You did such a good job describing the site – can we use the copy? : )
The Link List is a good place to start because it is a collection of “news of the day” plus some of the hot topics on the web. Also interesting are the conversations and groups. In “Conversations” a couple days ago one of our members wrote to ask for prayers because she found a lump on the back of her neck and was headed to the doctors. All ended up being fine, but the support she found in a couple of the women on our site really helped her through a scary moment. I love when that happens in our little “neighborhood” on the web.
2) I love these guidelines: ” Don’t judge or be mean. If you don’t have anything productive to say, don’t say it. We embrace different opinions, and we do not tolerate nastiness of any kind. We are all on our own life path, and we ask you not to criticize others until you have walked a mile in their shoes.”
I love that so much. I wish every civic association, support group, parent-teacher association, and so forth would live by that.

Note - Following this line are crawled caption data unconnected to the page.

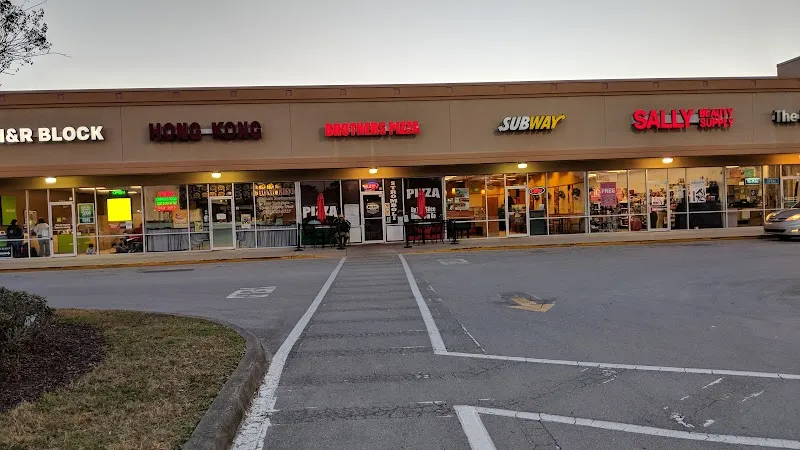Brothers Pizza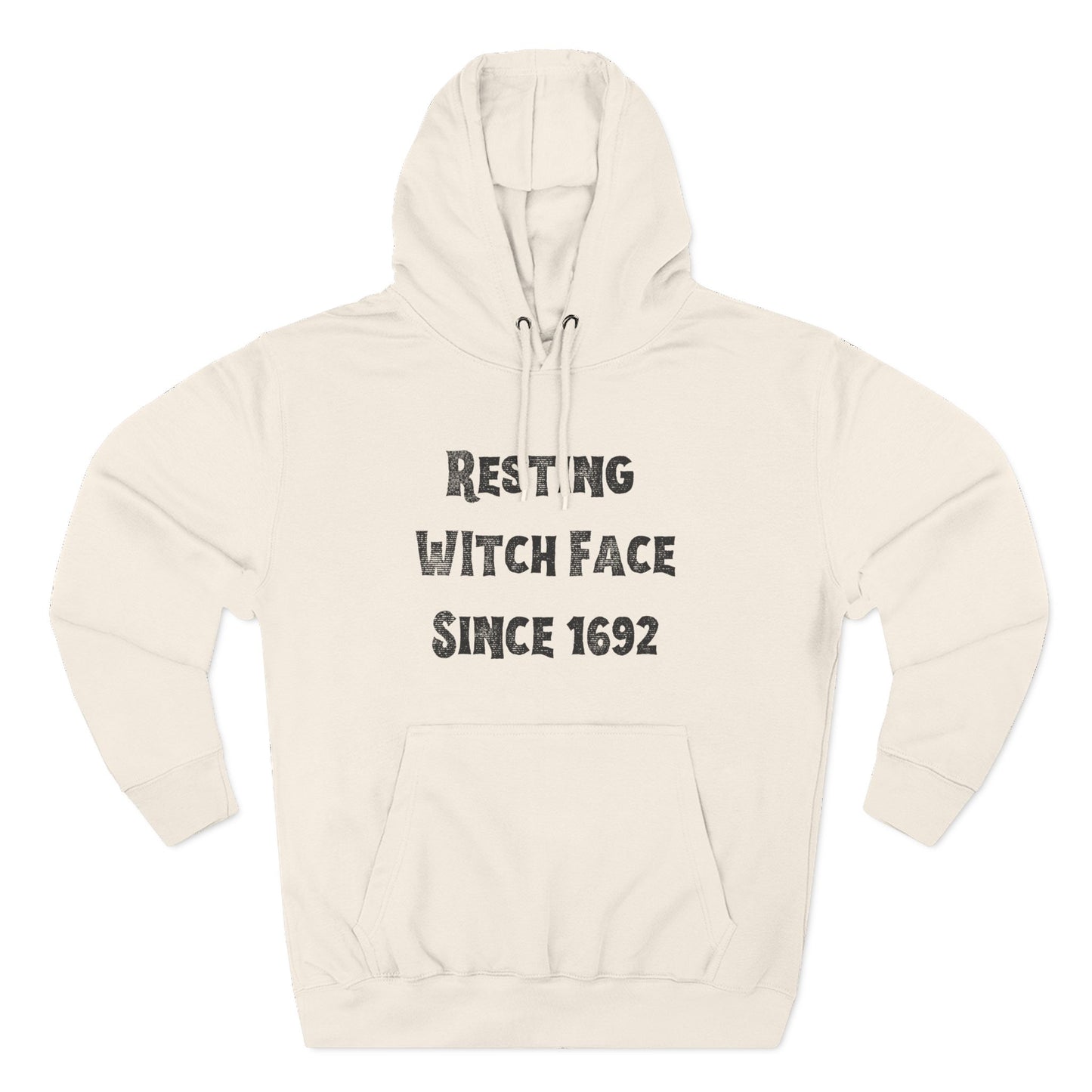 Resting Witch Face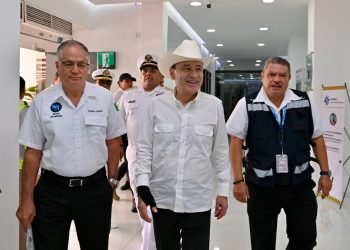 Más pasajeros en aeropuertos: Obregón aumenta 20%; Hermosillo alcanza 2.2 millones con Gobernador Durazo
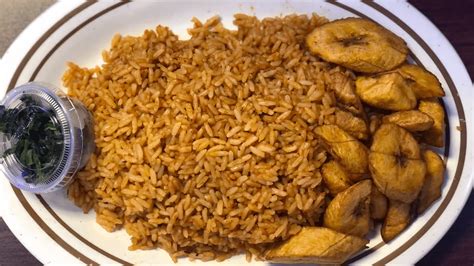 Marie African Flavors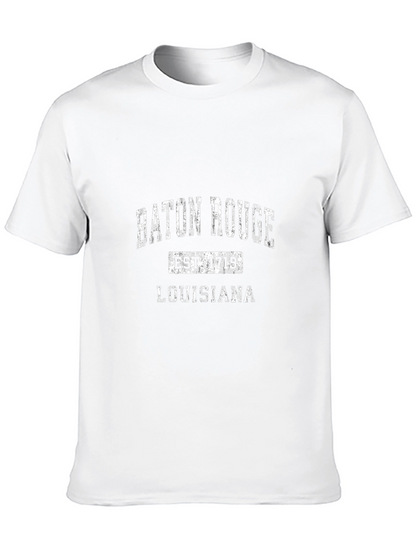 Baton Rouge Louisiana T-Shirt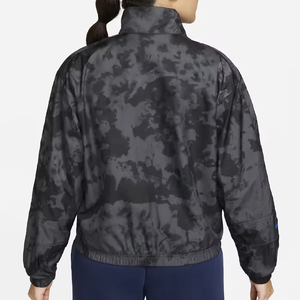 Veste coupe-vent légère pour femme 2026 au meilleur prix, avec fermeture éclair avant et 2 poches latérales, impression de logo personnalisée, vestes d'hiver - Product Image 5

Man, do I ever. Do you find that your members abide by that and respect each other, or do things get nasty, like they so often do on the web?
Knock on wood — we’ve never had any nastiness at all. Far from it. In fact I am constantly moved by how kind and helpful people are to each other. Our hope was that if we set the tone from the beginning with our philosophy — there is no “right” way of mothering, we can all learn from each other, and DON”T JUDGE — that the community would respect each other and keep it nice. So far that has worked.
3) Tell me more about why you decided, with Emily, to build this website. I loved the three thoughts that you present as leading up to the big decision:
1 That the most authentic, caring, smart, funny, moving, inspiring voices on the web belonged to the mothers;
2 That mothers needed a safe place online to find good conversation and useful information, to have fun and build strong connections;
3 And with all that, mothers could make things a little better, in their own lives, in their communities and in their world…our world…a little at a time, day by day.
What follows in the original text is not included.